2

I have a setup of Debezium connector (running on ksqlDB-server) that's streaming values from SQL Server CDC Tables to Kafka Topics. I'm trying to transform the key of my message from JSON to Integer value. The example key I'm receiving looks like this: {"InternalID":11117} and I want to represent it as just a number 11117. According to Kafka Connect documentation this should be fairly easy with ExtractField SMT. However when I'm configuring my connector to use this transform I'm receiving an error Caused by: java.lang.IllegalArgumentException: Unknown field: InternalID.

Connector config:

CREATE SOURCE CONNECTOR properties_sql_connector WITH (
'connector.class'= 'io.debezium.connector.sqlserver.SqlServerConnector', 
'database.hostname'= 'propertiessql', 
'database.port'= '1433', 
'database.user'= 'XXX', 
'database.password'= 'XXX', 
'database.dbname'= 'Properties', 
'database.server.name'= 'properties', 
'table.exclude.list'= 'dbo.__EFMigrationsHistory', 
'database.history.kafka.bootstrap.servers'= 'kafka:9091', 
'database.history.kafka.topic'= 'dbhistory.properties',
'key.converter.schemas.enable'= 'false',
'transforms'= 'unwrap,extractField',
'transforms.unwrap.type'= 'io.debezium.transforms.ExtractNewRecordState',
'transforms.unwrap.delete.handling.mode'= 'none',
'transforms.extractField.type'= 'org.apache.kafka.connect.transforms.ExtractField$Key',
'transforms.extractField.field'= 'InternalID',
'key.converter'= 'org.apache.kafka.connect.json.JsonConverter');

Error details:

--------------------------------------------------------------------------------------------------------------------------------------
 0       | FAILED | org.apache.kafka.connect.errors.ConnectException: Tolerance exceeded in error handler
        at org.apache.kafka.connect.runtime.errors.RetryWithToleranceOperator.execAndHandleError(RetryWithToleranceOperator.java:223) 
        at org.apache.kafka.connect.runtime.errors.RetryWithToleranceOperator.execute(RetryWithToleranceOperator.java:149)
        at org.apache.kafka.connect.runtime.TransformationChain.apply(TransformationChain.java:50)
        at org.apache.kafka.connect.runtime.WorkerSourceTask.sendRecords(WorkerSourceTask.java:355)
        at org.apache.kafka.connect.runtime.WorkerSourceTask.execute(WorkerSourceTask.java:258)
        at org.apache.kafka.connect.runtime.WorkerTask.doRun(WorkerTask.java:188)
        at org.apache.kafka.connect.runtime.WorkerTask.run(WorkerTask.java:243)
        at java.base/java.util.concurrent.Executors$RunnableAdapter.call(Executors.java:515)
        at java.base/java.util.concurrent.FutureTask.run(FutureTask.java:264)
        at java.base/java.util.concurrent.ThreadPoolExecutor.runWorker(ThreadPoolExecutor.java:1128)
        at java.base/java.util.concurrent.ThreadPoolExecutor$Worker.run(ThreadPoolExecutor.java:628)
        at java.base/java.lang.Thread.run(Thread.java:829)
Caused by: java.lang.IllegalArgumentException: Unknown field: InternalID
        at org.apache.kafka.connect.transforms.ExtractField.apply(ExtractField.java:65)
        at org.apache.kafka.connect.runtime.TransformationChain.lambda$apply$0(TransformationChain.java:50)
        at org.apache.kafka.connect.runtime.errors.RetryWithToleranceOperator.execAndRetry(RetryWithToleranceOperator.java:173)       
        at org.apache.kafka.connect.runtime.errors.RetryWithToleranceOperator.execAndHandleError(RetryWithToleranceOperator.java:207) 
        ... 11 more

Any ideas for why this transform is failing?
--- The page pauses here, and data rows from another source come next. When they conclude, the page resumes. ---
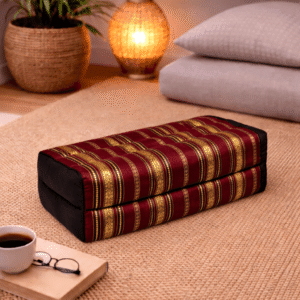 Rechthoekig Thais meditatiekussen met rood-gouden silklook strepen in een warme en sfeervolle interieursetting.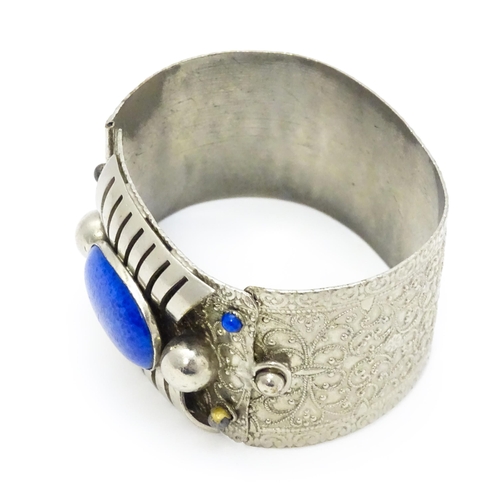 743 - A white metal bracelet of cuff form set with blue cabochon detail.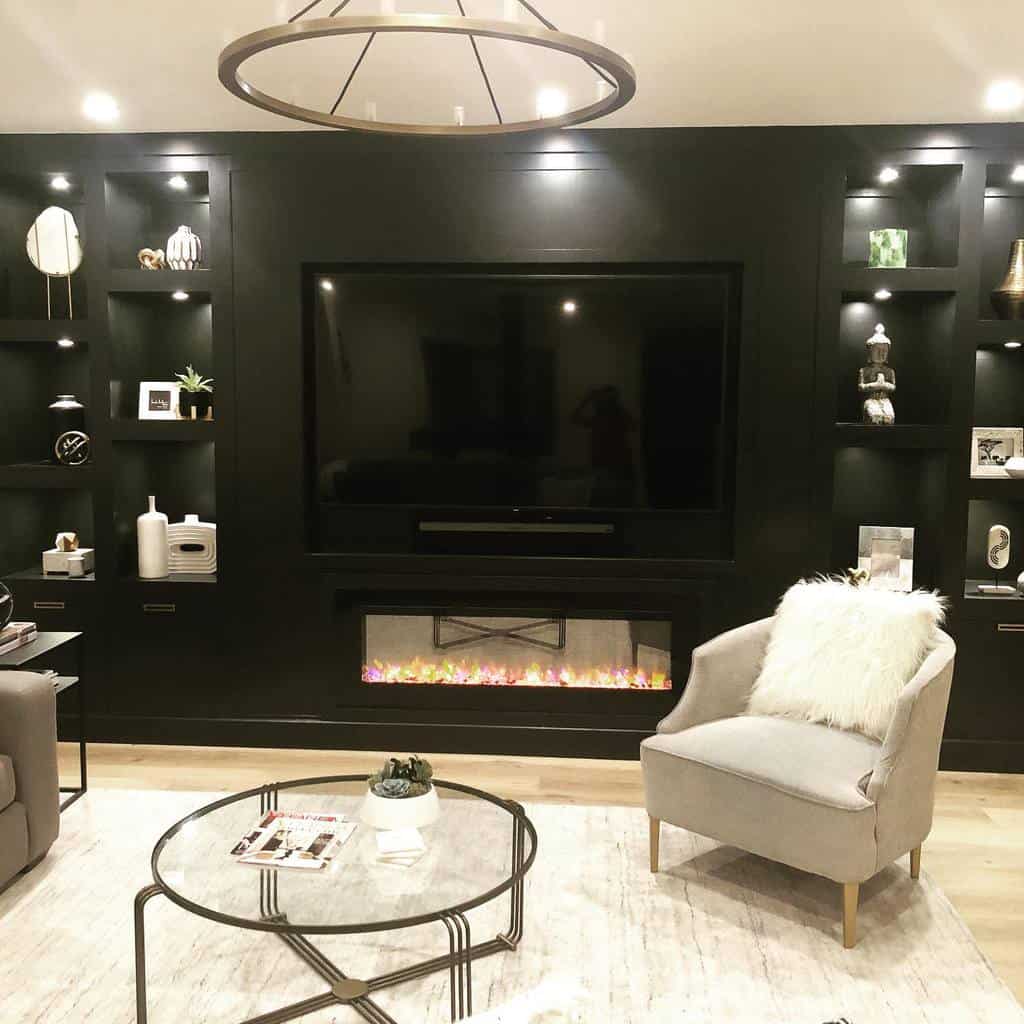 Contemporary living room with built-in fireplace, large TV, and sleek shelving for decor displays.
Am I missing some configuration? When extractField transform is removed the key of my message looks like the above:{"InternalID":11117}

msz
  • 21
  • 1

2 Answers2

1

By default, when you configure SMTs for any connector, including Debezium, transformation is applied to every record that the connector emits. That includes change event messages that might not have the retrieved data and might not have the necessary fields. To solve this, you need to apply your SMTs selectively to only a specific subset of change event messages generated by Debezium using SMT predicates.

The official documentation is located here.

In your specific case, you could apply the SMT only to the output topic for that specific database table it would look something like this:

# Create a predicate that matches your output 
predicates: topicNameMatch
predicates.topicNameMatch.type: org.apache.kafka.connect.transforms.predicates.TopicNameMatches
predicates.topicNameMatch.pattern: *output topic name goes here*

# Your logic to extract the field from the key
transforms.extractField.type: org.apache.kafka.connect.transforms.ExtractField$Key
transforms.extractField.field: InternalID

# This references the predicate above
transforms.extractField.predicate: topicNameMatch

There are other predicates located in the documentation listed above if the topic name matching doesn't work for you.

dynamitem
  • 1,647
  • 6
  • 25
  • 45
0

In order to extract a named field from JSON, you'll need schemas.enable = 'true' for that converter

For any data that's not sourced from Debezium, that'll require the JSON has a schema as part of the event.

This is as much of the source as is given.